** DATA TO EXAMINE follows **

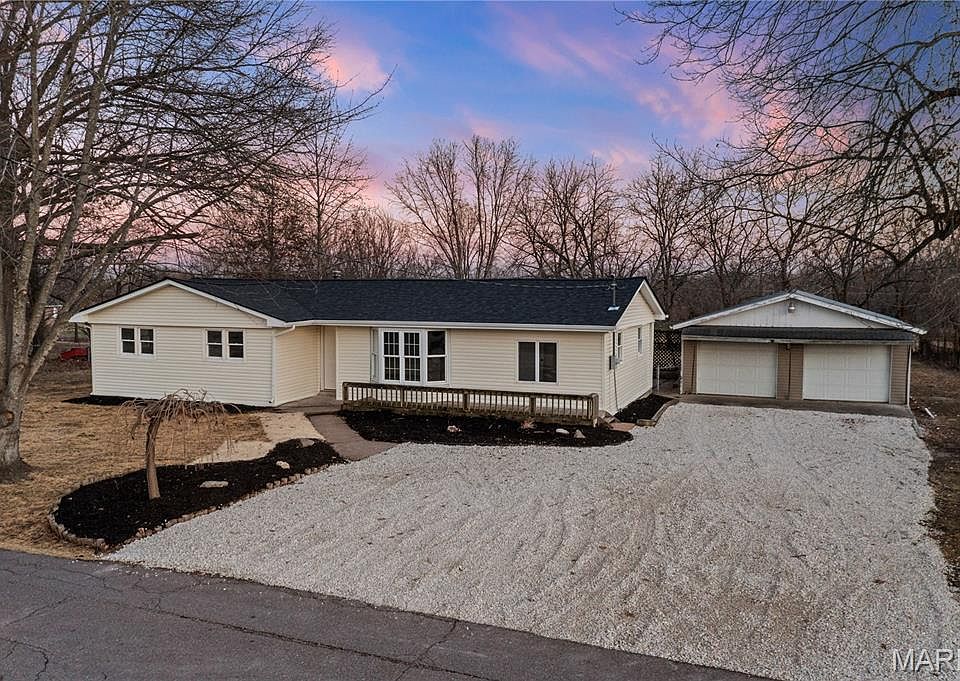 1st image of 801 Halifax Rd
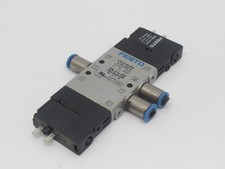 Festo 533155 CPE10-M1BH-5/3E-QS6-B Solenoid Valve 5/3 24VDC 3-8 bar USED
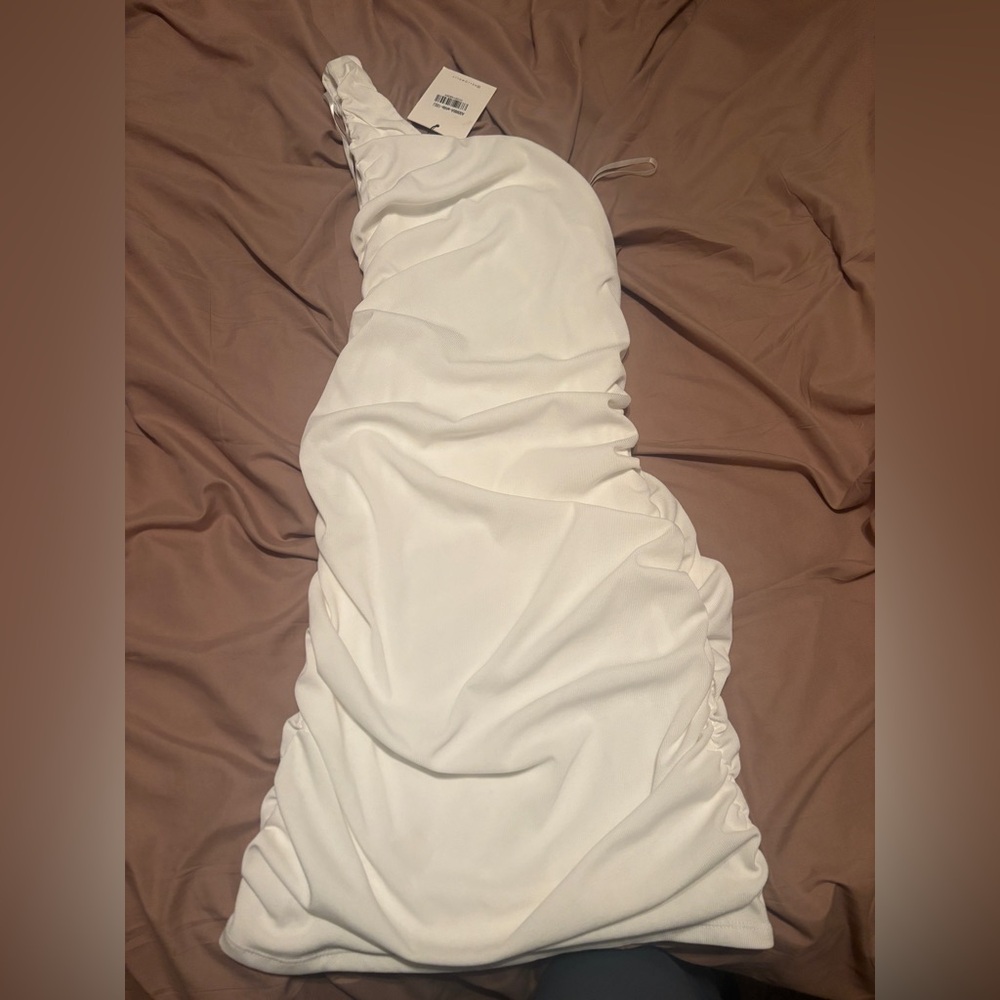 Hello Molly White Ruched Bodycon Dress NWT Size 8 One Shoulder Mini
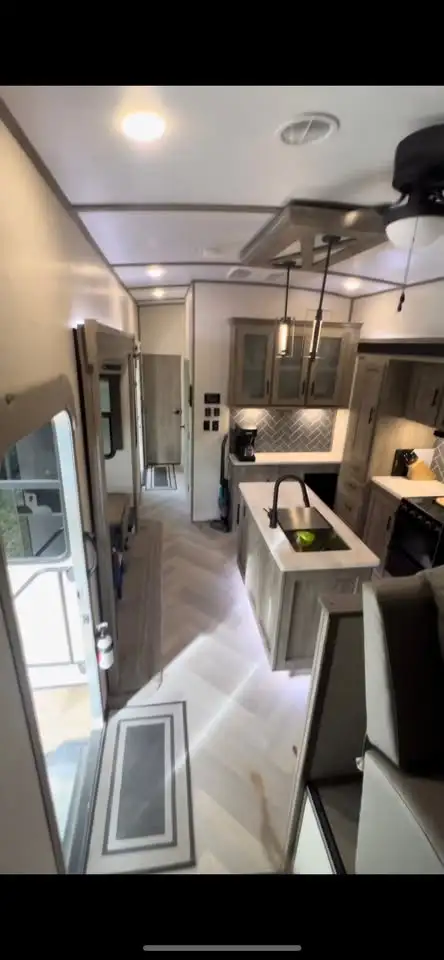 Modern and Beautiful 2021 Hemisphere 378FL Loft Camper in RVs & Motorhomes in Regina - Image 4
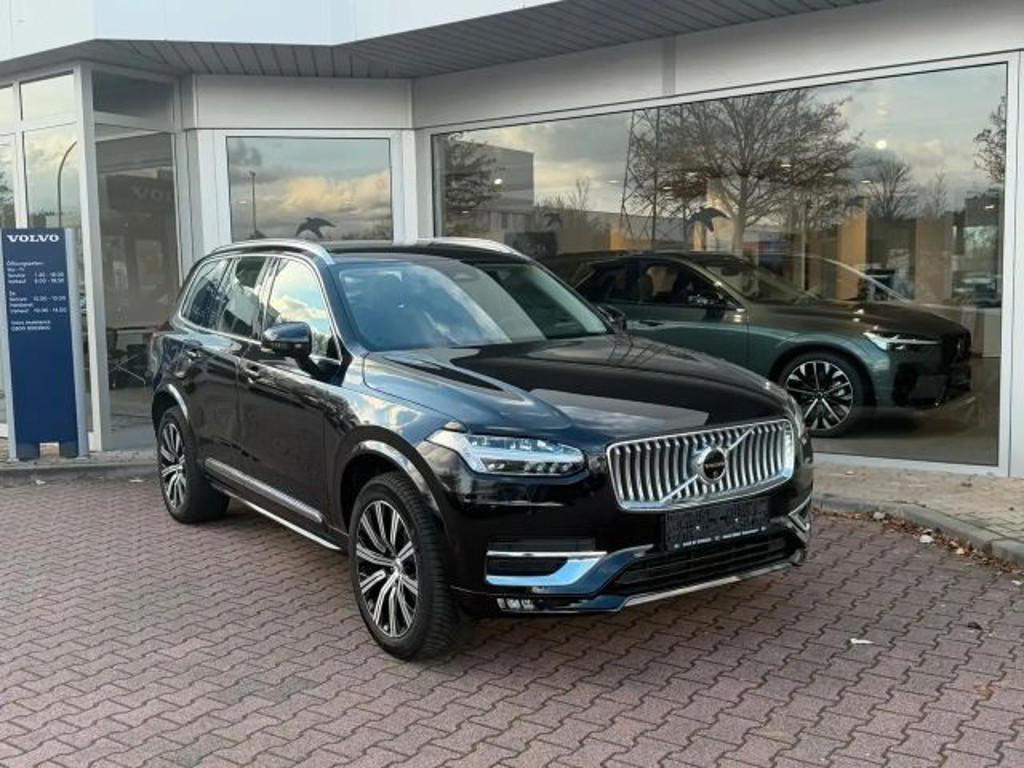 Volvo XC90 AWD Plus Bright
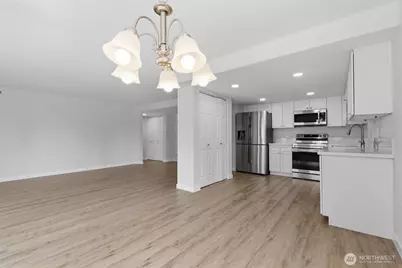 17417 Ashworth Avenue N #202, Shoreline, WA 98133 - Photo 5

** End of DATA TO EXAMINE **

* **ACTIVITY**
Write out all of the data above exactly, pictures excluded.

* **SOLVED PROBLEM**
 1st image of 801 Halifax Rd
 Festo 533155 CPE10-M1BH-5/3E-QS6-B Solenoid Valve 5/3 24VDC 3-8 bar USED
 Hello Molly White Ruched Bodycon Dress NWT Size 8 One Shoulder Mini
 Modern and Beautiful 2021 Hemisphere 378FL Loft Camper in RVs & Motorhomes in Regina - Image 4
 Volvo XC90 AWD Plus Bright
 17417 Ashworth Avenue N #202, Shoreline, WA 98133 - Photo 5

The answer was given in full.